Provided records START
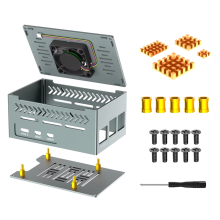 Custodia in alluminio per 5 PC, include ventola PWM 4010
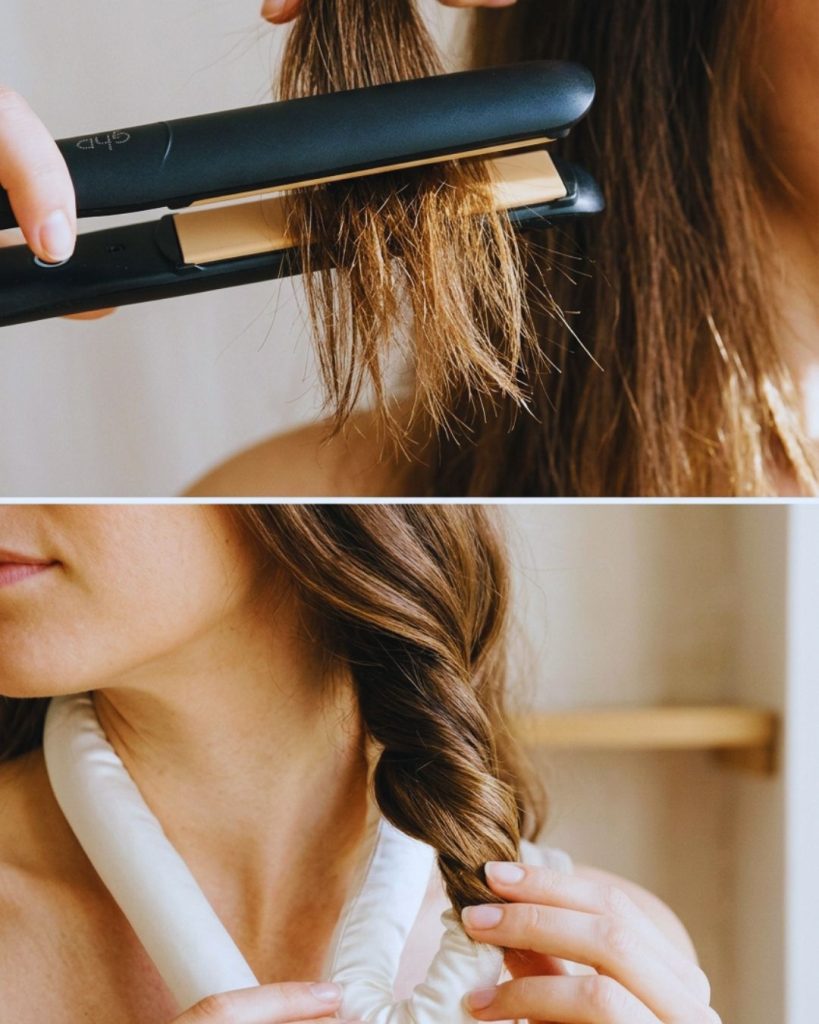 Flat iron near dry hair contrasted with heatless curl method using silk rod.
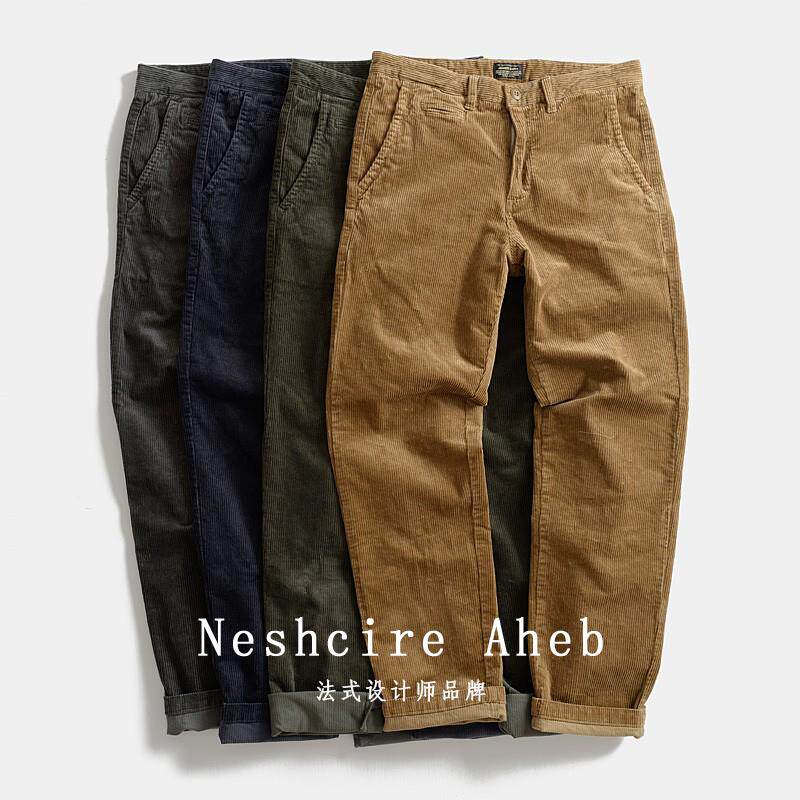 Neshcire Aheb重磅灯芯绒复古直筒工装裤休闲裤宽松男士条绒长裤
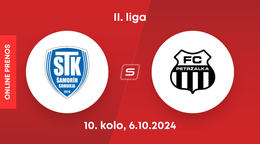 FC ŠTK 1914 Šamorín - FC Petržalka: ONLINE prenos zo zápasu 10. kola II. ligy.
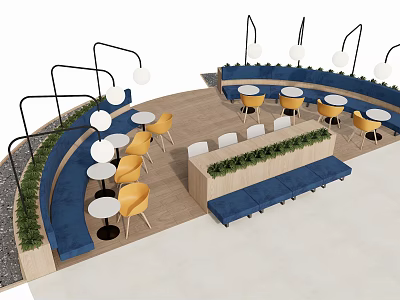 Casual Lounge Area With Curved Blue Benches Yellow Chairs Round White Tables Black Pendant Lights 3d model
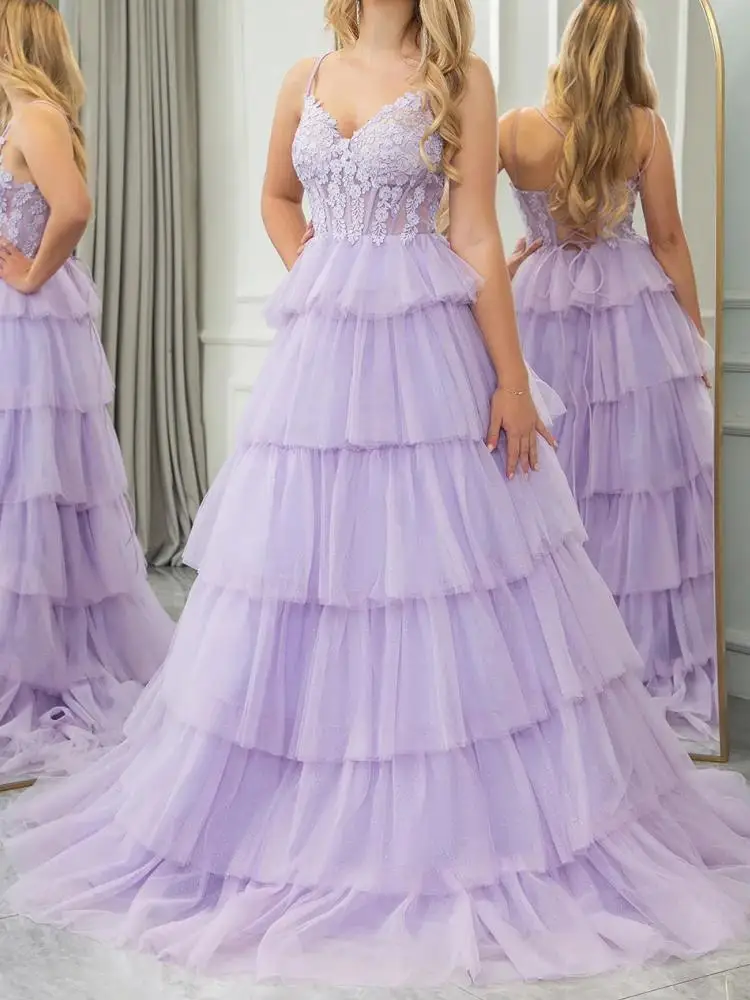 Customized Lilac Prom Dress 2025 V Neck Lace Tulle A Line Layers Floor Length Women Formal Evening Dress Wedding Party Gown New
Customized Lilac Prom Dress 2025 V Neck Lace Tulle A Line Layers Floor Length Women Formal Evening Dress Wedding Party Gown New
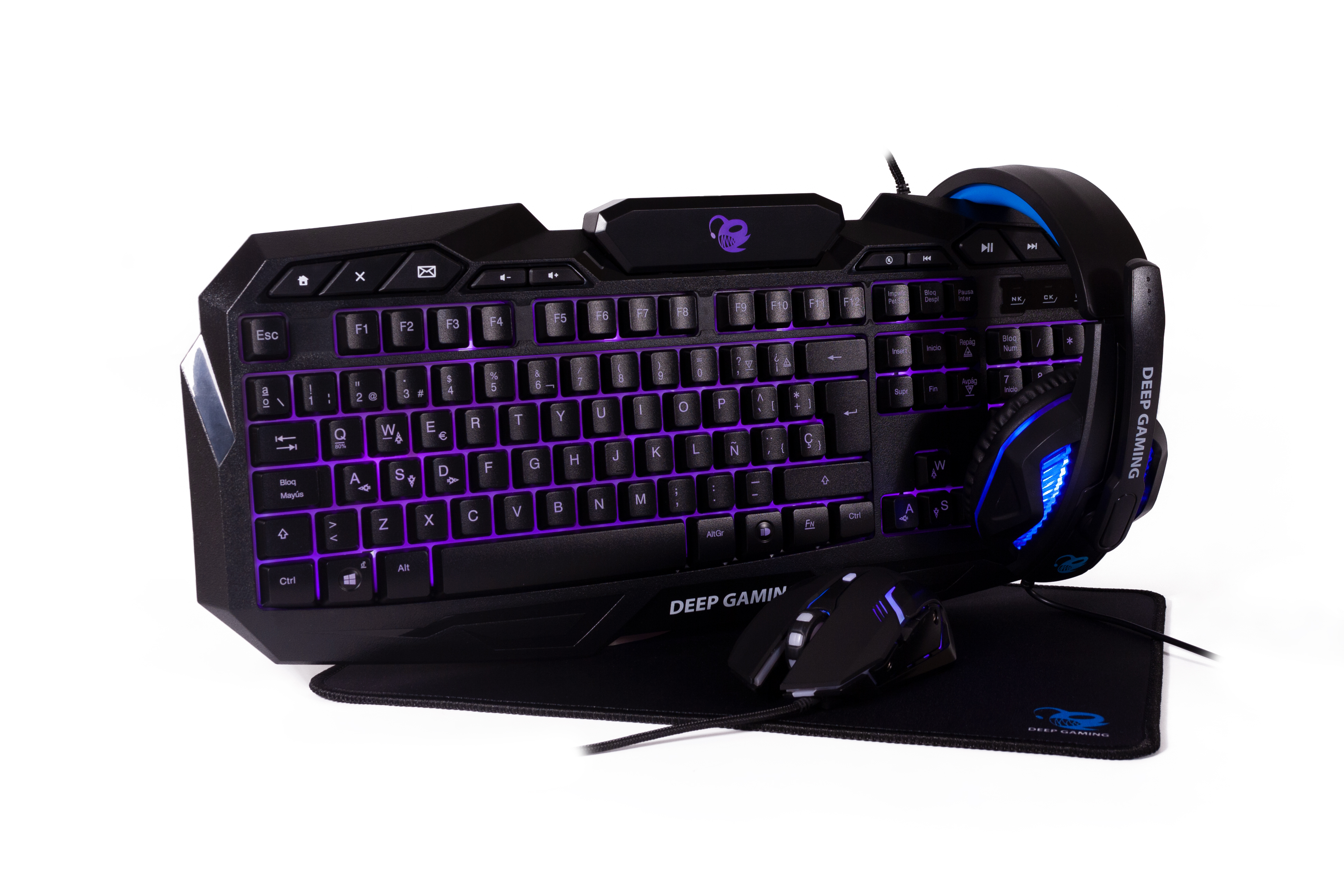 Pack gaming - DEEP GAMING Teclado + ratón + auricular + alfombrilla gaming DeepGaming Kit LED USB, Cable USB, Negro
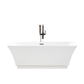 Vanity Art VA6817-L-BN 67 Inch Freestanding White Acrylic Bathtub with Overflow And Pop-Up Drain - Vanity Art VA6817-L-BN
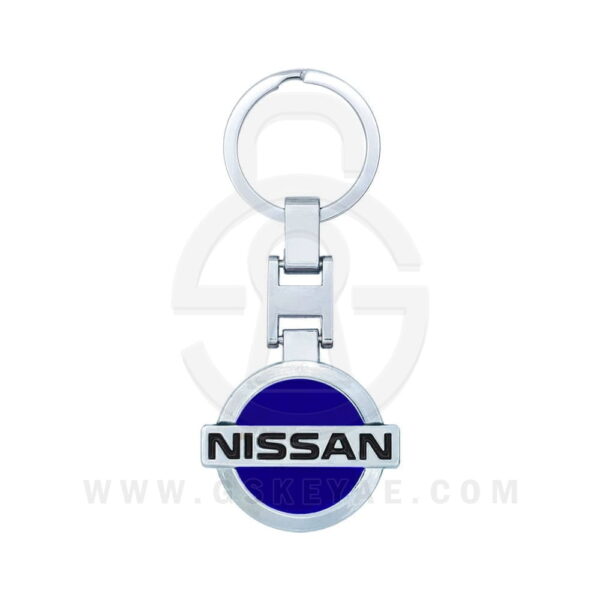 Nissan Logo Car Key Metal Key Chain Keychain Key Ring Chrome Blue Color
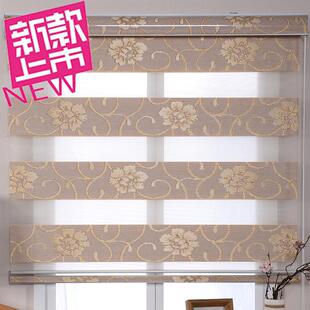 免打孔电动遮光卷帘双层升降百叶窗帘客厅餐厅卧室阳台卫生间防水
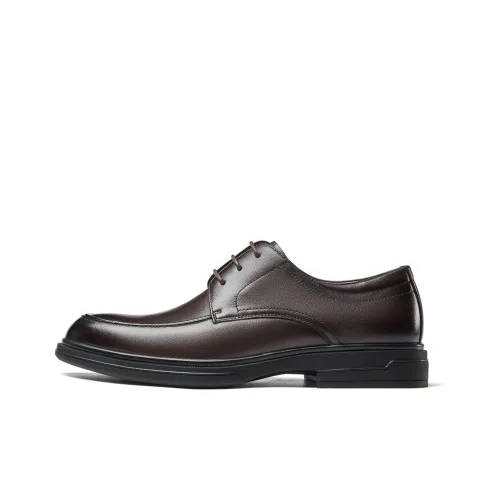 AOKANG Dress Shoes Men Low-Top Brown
Provided records END
Directions >> Transcribe every entry exactly, leaving out the pictures.

Completed task >>
 Custodia in alluminio per 5 PC, include ventola PWM 4010
 Flat iron near dry hair contrasted with heatless curl method using silk rod.
 Neshcire Aheb重磅灯芯绒复古直筒工装裤休闲裤宽松男士条绒长裤
 FC ŠTK 1914 Šamorín - FC Petržalka: ONLINE prenos zo zápasu 10. kola II. ligy.
 Casual Lounge Area With Curved Blue Benches Yellow Chairs Round White Tables Black Pendant Lights 3d model
 Customized Lilac Prom Dress 2025 V Neck Lace Tulle A Line Layers Floor Length Women Formal Evening Dress Wedding Party Gown New
Customized Lilac Prom Dress 2025 V Neck Lace Tulle A Line Layers Floor Length Women Formal Evening Dress Wedding Party Gown New
 Pack gaming - DEEP GAMING Teclado + ratón + auricular + alfombrilla gaming DeepGaming Kit LED USB, Cable USB, Negro
 Vanity Art VA6817-L-BN 67 Inch Freestanding White Acrylic Bathtub with Overflow And Pop-Up Drain - Vanity Art VA6817-L-BN
 Nissan Logo Car Key Metal Key Chain Keychain Key Ring Chrome Blue Color
 免打孔电动遮光卷帘双层升降百叶窗帘客厅餐厅卧室阳台卫生间防水
 AOKANG Dress Shoes Men Low-Top Brown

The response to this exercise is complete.